Davies operates in a sporting landscape that has been turned on its head by the emergence of Swansea City as a Premier League football club – the Swans made more money last year than the WRU.

There are many rugby lovers in the towns and valleys who wonder whether the union game will survive the football onslaught, who are profoundly disturbed by the thought that the union's record turnover of £63.2m in 2011-12 pretty much mirrors the amount of money invested, and to all intents and purposes lost, by those who have tried to make regional rugby work over the last decade.

While Davies believes all four teams will survive for the remaining 18 months of their current franchise arrangements, it is only because they are down-sizing on a scale certain to force top-end talent to seek better-paid work abroad.

"We're all reducing the cost base," he said. "In England and France in particular, club rugby income is increasing. Here, it's decreasing. Relative to the market, we're unsustainable. I'm an optimist by nature, I believe that we have sufficient gifted players in Wales to fill the gaps left by those who head overseas. But that won't last forever."

Before the start of this Heineken Cup tournament, when the English clubs exploded a depth charge beneath the boardroom table by announcing a unilateral £152m broadcasting deal with BT Vision that included around £50m for a new cross-border competition constructed to their own design, there was deep concern at the ramifications for teams in Scotland and Italy, routinely described as the most fragile top-tier rugby nations in Europe.
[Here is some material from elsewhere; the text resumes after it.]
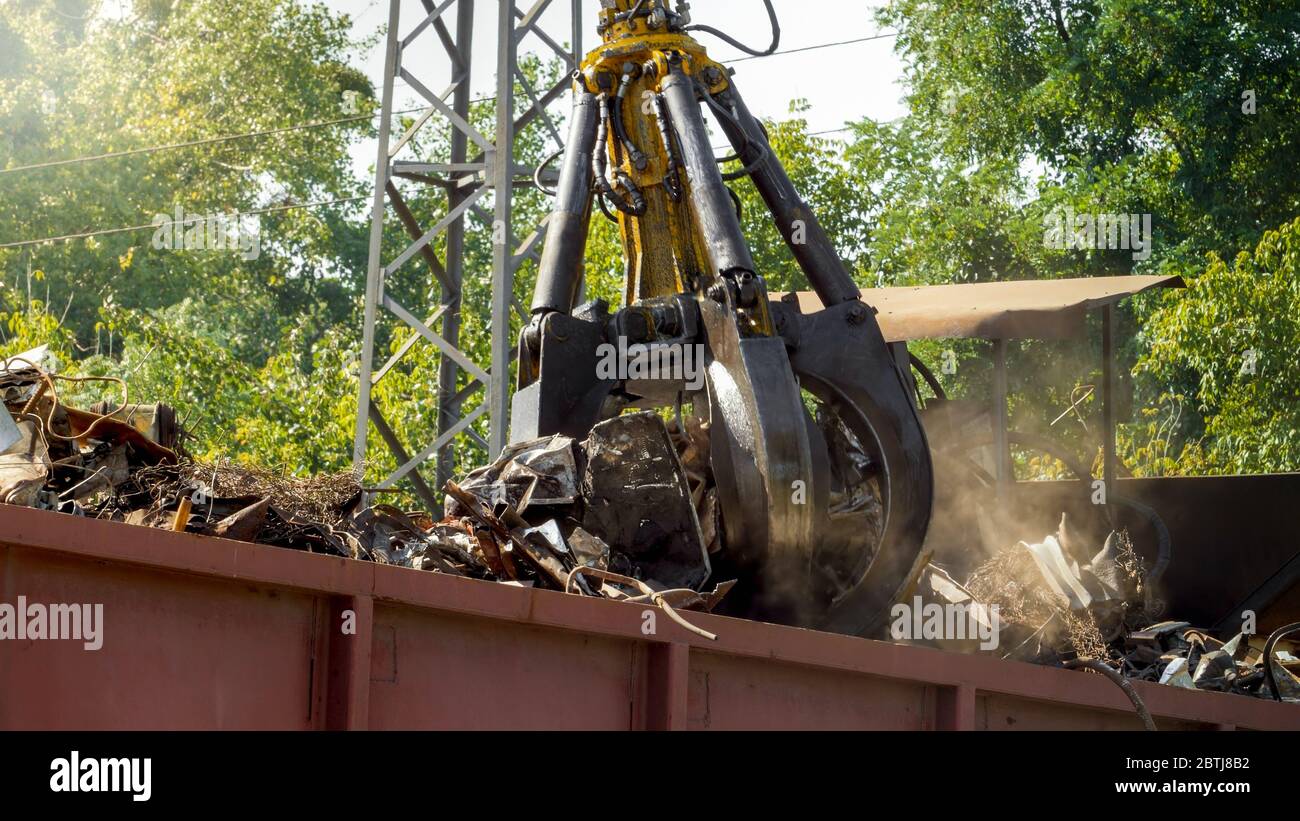 Bild von Metallgreifer Zerkleinern und Zerstören von alten Metallteilen auf Schrottplatz Stockfoto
It is increasingly evident that Wales is every bit as vulnerable to economic forces at a time of global recession.

Some in the traditional strongholds of Cardiff, Gwent and the Swansea valley fear that the WRU could replace the existing four-team structure with something half the size, thereby falling in line with the Scots and Italians. Others wonder whether Welsh rugby is ripe for what might be called Argentina-isation: in other words, a mass exodus of international-class players to richer sporting markets on contracts that guarantee release for Test windows.

Negotiations between the governing body and Regional Rugby Wales are under way, but they are fraught in the extreme. Roger Lewis, the chief executive of the WRU, is about as popular among the club investors as Harlequins once were at Pontypool Park. As Eddie Butler, the former national captain, said: "There is a fifth region, the ultimate region: Wales."

Butler added: "If you load the top and weaken the bottom, even the mightiest of towers can fall with a crash."

Gone...

Luke Charteris

Perpignan

The lock had spent nine years at Newport-Gwent Dragons before signing a three-year contract with the French club in May.

Mike PhiLlips

Bayonne

The scrum-half left Ospreys for Bayonne in 2011. He is currently banned following several incidents, according to the French club.

Gethin Jenkins

Toulon

After eight years at Cardiff Blues, the Wales prop – who is the most capped Welsh front-row player – signed for Toulon last summer.

James Hook

Perpignan

The former Ospreys fly-half announced in November 2010 he would move to Perpignan.

Lee Byrne

Clermont Auvergne

Another Osprey who has flown the coop, the full-back announced he would sign for the French outfit after the 2011 World Cup.

Going?

Jamie Roberts

Cardiff Blues

Racing Métro and Toulouse are said to be interested in the Blues centre, whose contract expires next summer.

Dan Lydiate

Newport-Gwent Dragons

Another whose contract is up in the summer. Currently out with a broken ankle.